Dimensions of the Article
- Financial motivations
- Damaging consequences
- Political, and social implications
- Way Forward
- The OROP demand became tricky to fulfil but it was officially instituted in November 2015 for more than 25 lakh defence pensioners.
- It came with an immediate annual financial implication of ₹7,123.38 crore and the actual arrears from July 1, 2014 to December 31, 2015 were ₹10,392.35 crore.
- The financial burden increased cumulatively over time and has substantially increased the budgetary expenditure on defence pensions.
- In the current financial year, ₹1,19,696 crore has been budgeted for pensions, along with another ₹1,63,453 crore for salaries —that is 54% of the allocation for the Defence Ministry.

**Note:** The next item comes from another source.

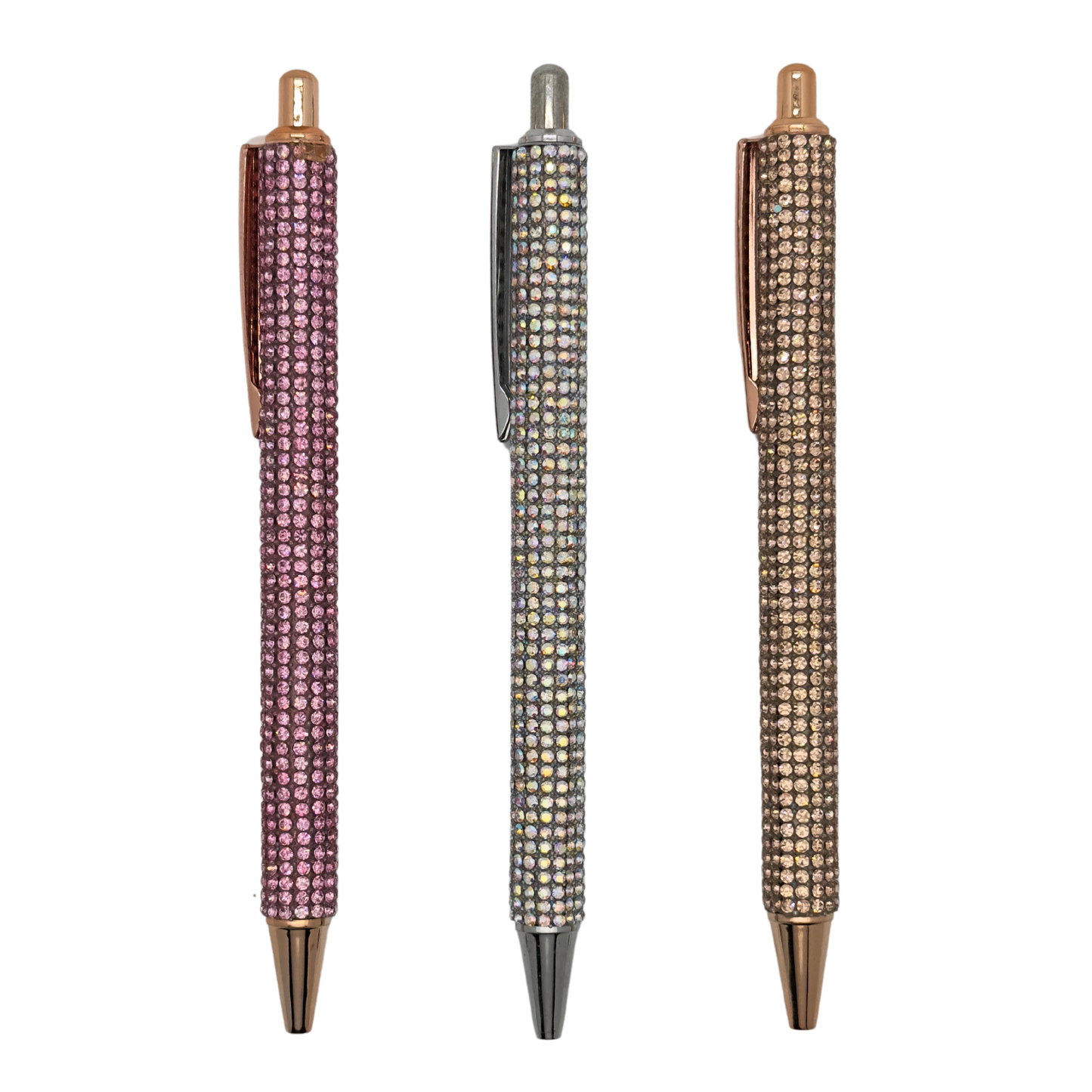 Kugelschreiber Glitzer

- It has been argued that the savings in the pensions bill — which will show up on the books only after a couple of decades — would be directed towards the modernisation of defence forces.
- The armed forces do not have that kind of time available to them to postpone their already long-delayed modernization.
- The Indian Air Force is already down to 30 squadrons of fighter jets against the 42 squadrons it needs, and the Indian Navy is at 130 ships when its vision was to be a 200 ship navy; the Indian Army is already short of 1,00,000 soldiers.
- The announcement of the Agniveer scheme is an implicit acknowledgement that the Indian the economy is incapable of supporting the armed forces that India needs.
- It faces an active military threat from two adversaries, China and Pakistan, and the internal security challenges in Kashmir and the northeastern States.
- Hence we must not resort to shrinking the military and rather must expand the economy to support the military and its needs.
- The policy has neither been theoretically drafted nor applied as a pilot project which brings uncertainty in its consequences post-implementation.
- Delayed consequences might be seen at operational levels of the Military especially the Navy and the Air Force which requires specialization in various areas.
- The training infrastructure, administrative working, etc. might be insufficient currently to the handle retention, release and recruitment of huge number of young soldiers.
- In the Agnipath pral, the class-based recruitment has been replaced with an all-India all-class recruitment. The reasons for this will strike at the core of the organizational management, leadership structures and operating philosophy of the Indian Army.
- Replacing the social identity of the soldiers with a purely professional identity would bring its own challenges in a tradition-bound army.
- There will be major problems in training, integrating and deploying soldiers with different levels of experience and motivations.
- The criterion of identifying the 25% short-term contracted soldiers to be retained could result in unhealthy competition.
- An organisation that depends on trust, camaraderie and esprit de corps could end up grappling with rivalries and jealousies amongst winners and losers, especially in their final year of the contract.
- just like the OROP issue, this could become a politically attractive demand for longer tenures and pensions to be picked up by the Opposition parties. Over time, this will lead to the salary and pension budget creeping back up again.
Political, and social implications
- The Agnipath scheme also does away with the idea of a State-wise quota for recruitment into the Army, based on the Recruitable Male Population of that State which was implemented from 1966. This prevented an imbalanced army, which was dominated by any one State, linguistic community or ethnicity.
- Academic research shows that the high level of ethnic imbalance has been associated with severe problems of democracy and an increased likelihood of civil war.
- Coupled with this is the lack of hope in India’s economy, where over 45 crore Indians have stopped looking for jobs, there are
- high levels of unemployment and underemployment.
- It is to this mix that these few thousand young men who have been trained in inflicting organized violence will be thrown up every year.
- From erstwhile Yugoslavia to Rwanda — and closer home, during Partition — there are numerous examples of demobilised soldiers leading to increased violence against minorities.
In India, the Indian Army has so far provided salary, uniform and prestige, an inheritance of the British who took care of the living conditions, facilities for the soldiers’ families, and postretirement benefits and rewards, such as grants of land. A short-term contractual soldier, without earning pension, will be seen as doing jobs after his military service that are not seen to be commensurate in status and prestige with the profession of honour. It will reduce the motivation of those joining on short-term contracts while diminishing the “honour” of a profession which places extraordinary demands on young men. The Government’s yearning for financial savings runs the risk of reducing the honour of a profession, the stability of a society and the safety of a country.